The fight against animal extinction
Zoo says it has a role, but not everybody agrees
A world without giraffes is one Menita Prasad doesn’t want to contemplate.
But with a recent study showing the world’s giraffes are at increasing risk of extinction, conservation is top of mind for the animal care manager at the Greater Vancouver Zoo.
Pompadour, the Aldergrove facility’s 10-year-old Rothschild’s giraffe, is not the only member of a dwindling species. A few weeks after scientists sounded the alarm concerning the world’s tallest land animal, another study raised fears about the cheetah, reporting only 7,100 of the speedy cats left in the wild. The Greater Vancouver Zoo is home to two cheetahs, Duma and Malkia.
“We want to do as much as we can to help,” said Prasad. “This news emphasizes that.”
But in rainy British Columbia, an ocean away from the African savannah, that amounts to education and donations to groups working on the ground. For various reasons, the zoo’s giraffe and cheetahs are not part of their breeding programs, nor are they candidates for rearing and release.
“Just because we have an animal in captivity doesn’t mean they need to be bred,” said Prasad.
Various factors determine if an animal is a candidate for what the zoo manager called the “glorified dating service” that is the Association of Zoos and Aquariums’ species survival plan. Through coordinated breeding loans between facilities, the program strives to maintain pure blood lines, in addition to ensuring there are adequate homes for captive offspring. Pompadour, Duma and Malkia are not in consideration for breeding at this time, said Prasad.
“Our focus is on local animals,” she explained, pointing to the zoo’s work in rearing and releasing Oregon Spotted Frogs and Western Painted Turtles.
But Prasad emphasized the zoo’s role in educating the public about endangered species around the world, creating a “connection” between an animal in a faraway place and a person in their everyday life.
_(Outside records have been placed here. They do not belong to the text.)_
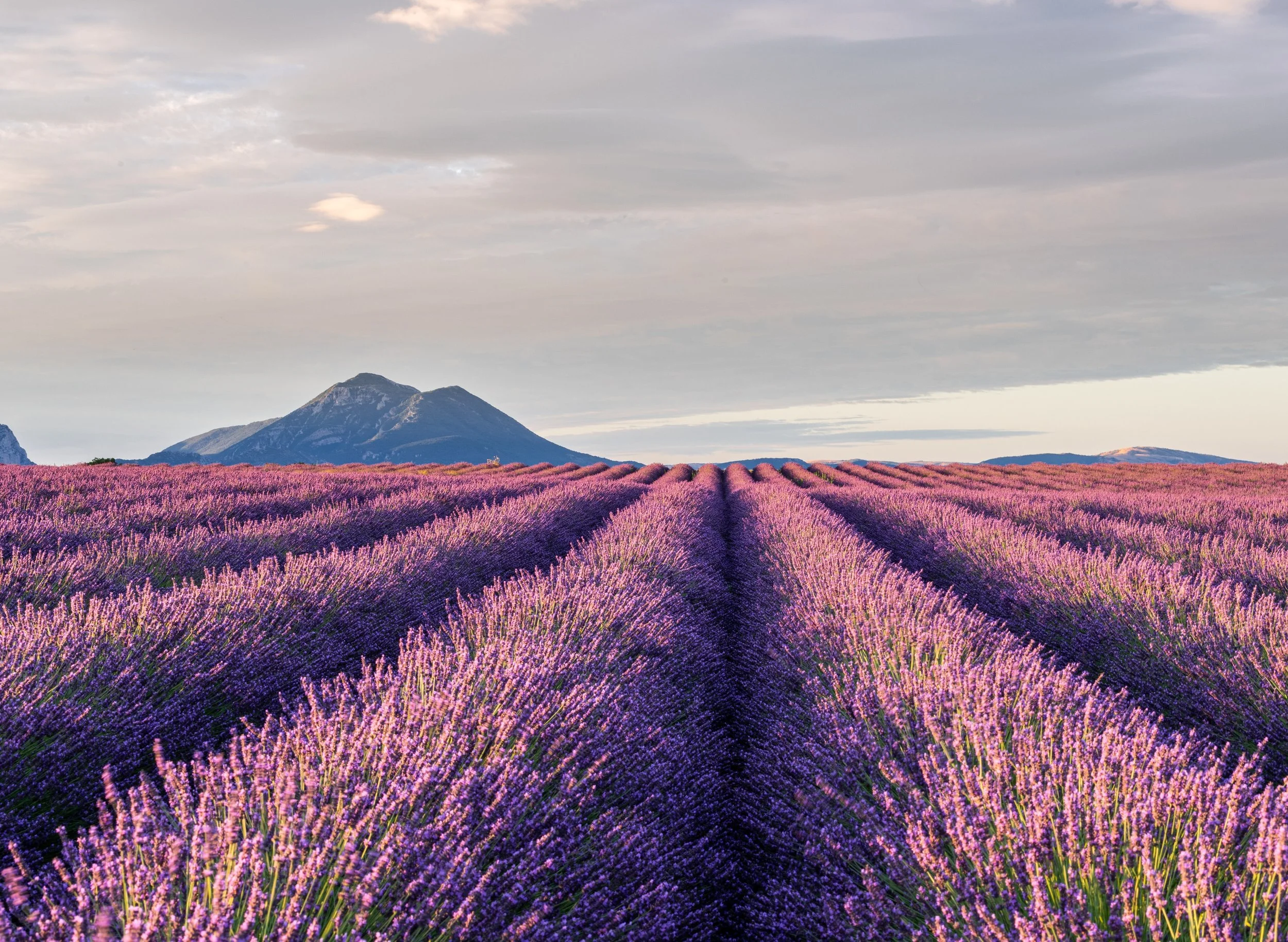 edited lavender.jpeg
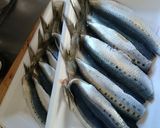 イワシつみれ鍋 ＊お子様大好き挽き肉入＊作り方1写真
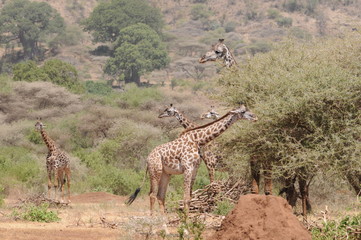 Giraffe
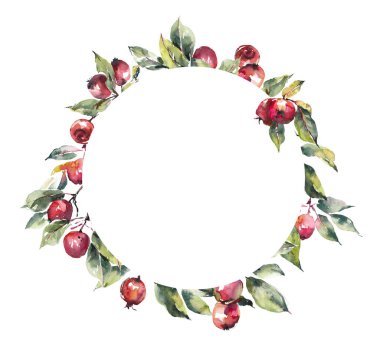 Küçük kırmızı Çin elmalarıyla daire şeklinde. Meyve arkaplanı. Suluboya el çizimi çizimi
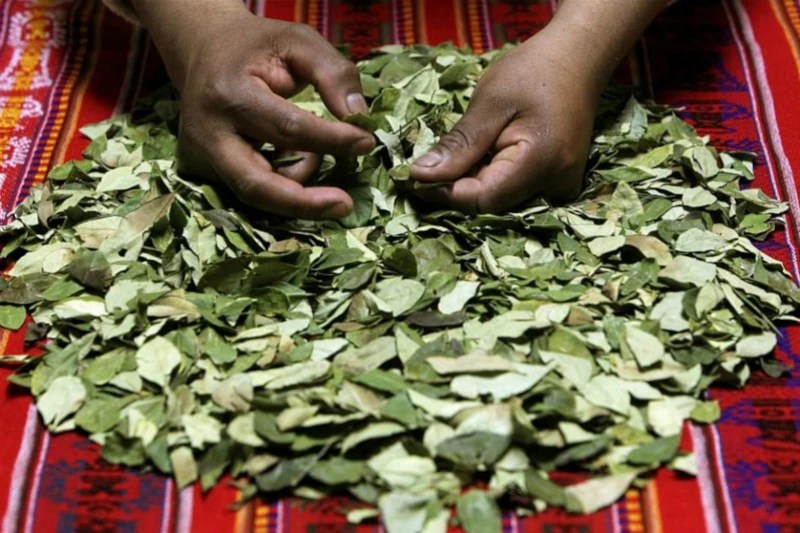 Coca Leaves to Treat Altitude Sickness Xtreme Tourbulencia
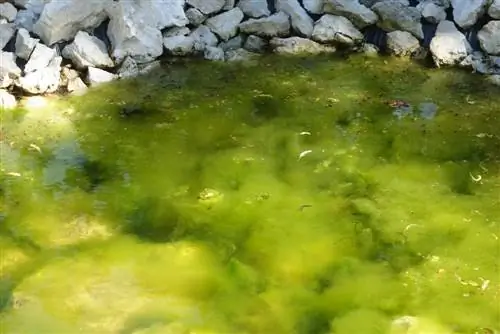 Alisin ang thread algae sa garden pond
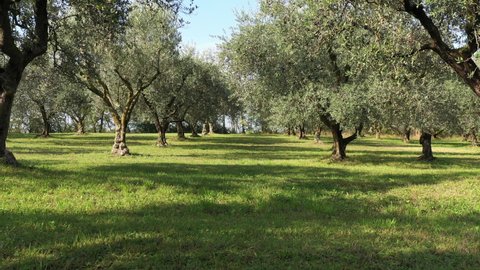 Drone slowly flying through trees. A beautiful olive grove. Slow and low movement between olive trees. Olives on trees before harvest. Ripe olives on the trees on a blue background.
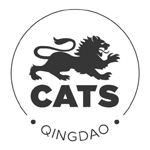 国际高中A-level工程学课程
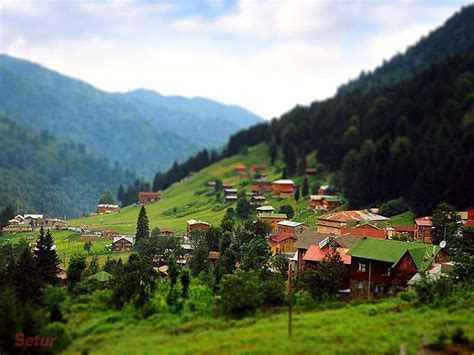 Karadeniz Yaylaları: Doğa ile Baş Başa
Twenty-five cents from every zoo admission goes to conservation projects, including the Iranian Cheetah Project, which works to protect the small cheetah population in Iran.
“Our main objective is to inspire a connection with the animals which can then lead people to understand and support conservation efforts,” said Prasad.
But the executive director of the Vancouver Humane Society questioned whether a zoo can truly fulfil that goal.
“What they’re really doing is teaching people that it’s OK for animals to be in cages, that they exist for our entertainment,” said Debra Probert, calling the zoo’s education programs “inadequate.”
“Keeping endangered species does nothing for conservation,” she continued, questioning the idea that zoos can help stave off extinction by reintroducing giraffes and cheetahs to the wild.
The Greater Vancouver Zoo harbours no illusions about reintroducing (or, more accurately, introducing) Pompadour to the wild, said Prasad. “Pompy,” as he is affectionately known, was born in captivity at a facility on the east coast. Like many North American zoo animals, he has never been to Africa. He arrived in Aldergrove in 2012, around the same time the zoo was dealing with the deaths of three giraffes, including a baby that was born at the facility.
The cheetahs, Duma and Malkia, were also born in captivity. Duma was born at a facility in Africa that rehabilitates and releases animals back into the wild. He was hand reared and had imprinted on humans, making him ineligible for release.
Now the cheetah is one of the zoo’s star attractions. A bit of a “ham,” he loves attention an d crowds. He also seems to like the rain and chooses to be outside in the winter. Pompy, on the other hand, prefers the warmth of his enclosure in cool weather and is not allowed in his yard when there is ice on the ground. “They are such amazing creatures. Caring for them, you gain an appreciation of that,” said Prasad. In early December, scientists moved giraffes from being a “species of least concern” to “vulnerable” on the International Union for the Conservation of Nature’s (IUCN) official watch list of the world’s threatened and endangered species. In 1985, there were between 151,000 and 163,000 giraffes, but the number dropped to 97,562 in 2015. Experts blamed habitat loss for the population decline, compounded by poaching, as more people move into giraffe territory in central and eastern Africa. A study released after Christmas sounded an even more dire warning about cheetahs, with the authors urging the IUCN to re-categorize the fastest land animal from “vulnerable” to “endangered.” The report estimated there are only 7,100 cheetahs left in the wild, with about 77 per cent of their habitat falling outside protected areas that are now being threatened by human encroachment.